Walking up and down Calle Gran Vía de Colón in Granada might not seem like much to the regular population. For most people it’s part of the commute to work, or to school, but for me it was a little bit more than that.
I lived in Granada, Spain for three weeks to learn Spanish. El Centro de Lenguas Modernas de la Universidad de Granada had a great program and I met some amazing people there. One of the things that I learned was there is something special about being the token Canadian. That being said, Granada was the last leg of my trip, I had rocked Northern and a bit of Eastern Europe previously, and I was getting tired. I was about ready to go home.
While I was in Granada, I had a lot of time to myself. Sure, I spent time with my wonderful roommates and family and went to classes, but I’d say there were a solid 4 hours a day that I had to myself. Considering that the past 6 weeks of my life had been filled to brim with going places, meeting new people and trying new foods, my life felt a little emptier than before. This is where La Gran Vía came into play.
Whenever I go on vacation with my family, we walk everywhere. The only time that we’ll take a cab or public transit is when our destination is well over an hour walking distance away. With this history, it would only be natural for me to want to walk around in Granada when I was homesick, and it was incredibly therapeutic. Considering La Gran Vía is one of the more central roads in Granada, it’s where I started and ended all of my walks.

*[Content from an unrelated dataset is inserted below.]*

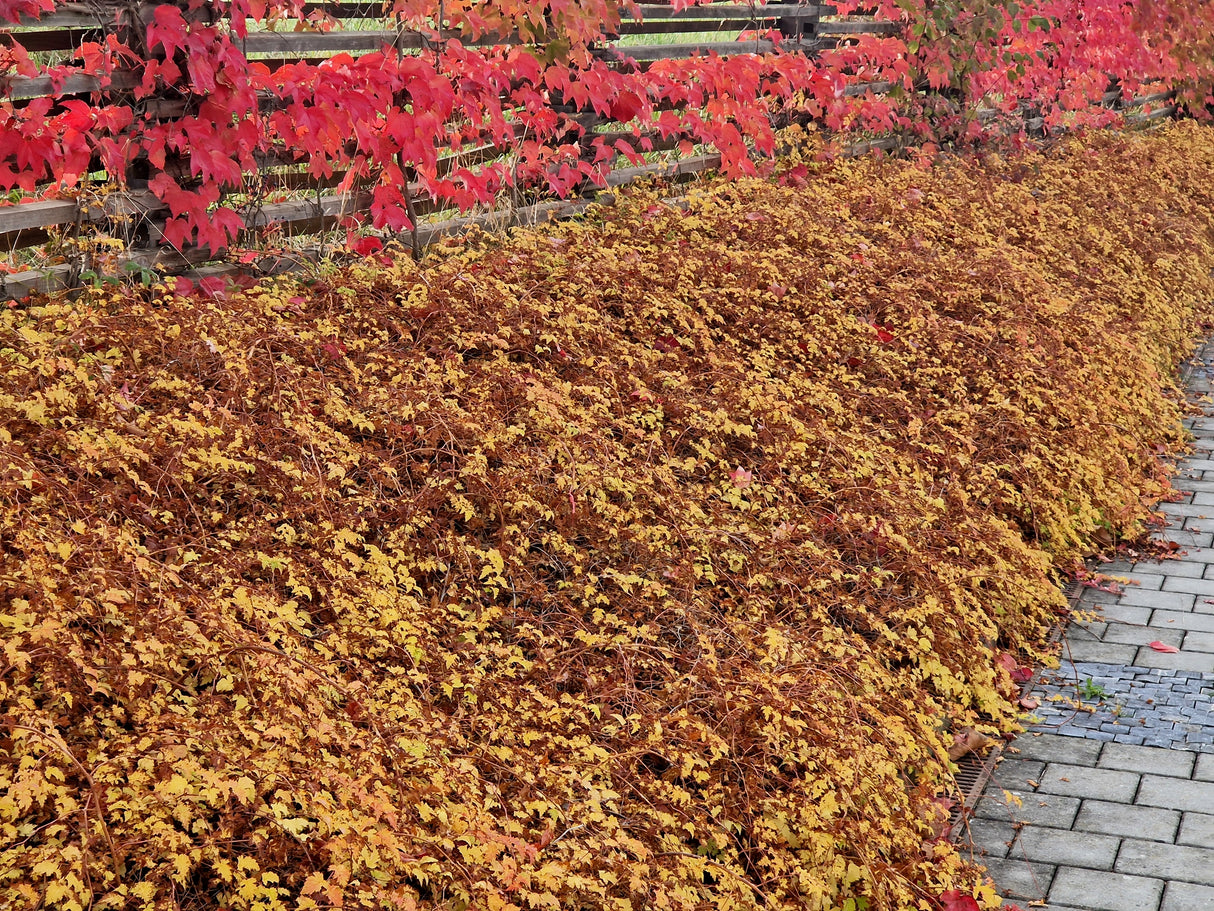 Stephanandra incisa 'Crispa', 20-40 cm, 200-pack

Sometimes I would walk along the river, flowing from La Sierra Nevada, finding solace in the bubbling, clear water. Sometimes, I’d walk up to the Alhambra and follow the footsteps of many generations before me, taking in the incredible valley Granada is so beautifully nestled in. Other times, I would just walk up and down La Gran Vía, marvelling at the incredible architecture and little cafés or markets. The one thing that all these walks had in common was a walking meditation. I always asked myself what am I grateful for? I asked this because all I could hear was my mother saying, “When you get back you’re going to miss it so much, so enjoy it now.” So that’s exactly what I did.

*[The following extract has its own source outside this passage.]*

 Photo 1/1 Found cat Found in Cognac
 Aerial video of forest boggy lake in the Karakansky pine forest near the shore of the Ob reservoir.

Whenever, I walked past a market I would remind myself how thankful I was for fresh fruit, and when my family would have it for dessert, it would always taste a bit sweeter. Whenever I was wandering around the Alhambra, I would remind myself how lucky I was to be studying in such a historic city, and class would always end up passing more enjoyably – despite the uncomfortable chairs. When I would walk by the river, I would think about how beautiful it was and I found myself falling deeper in love with Granada with each little stroll I had.
Even though I only lived in Granada for three short weeks, what I took away from it will last a lifetime. Walking Calle La Gran Vía de Colón may be an everyday thing for most people, but it reminded me how lucky I am, and how to appreciate those little things people always talk about.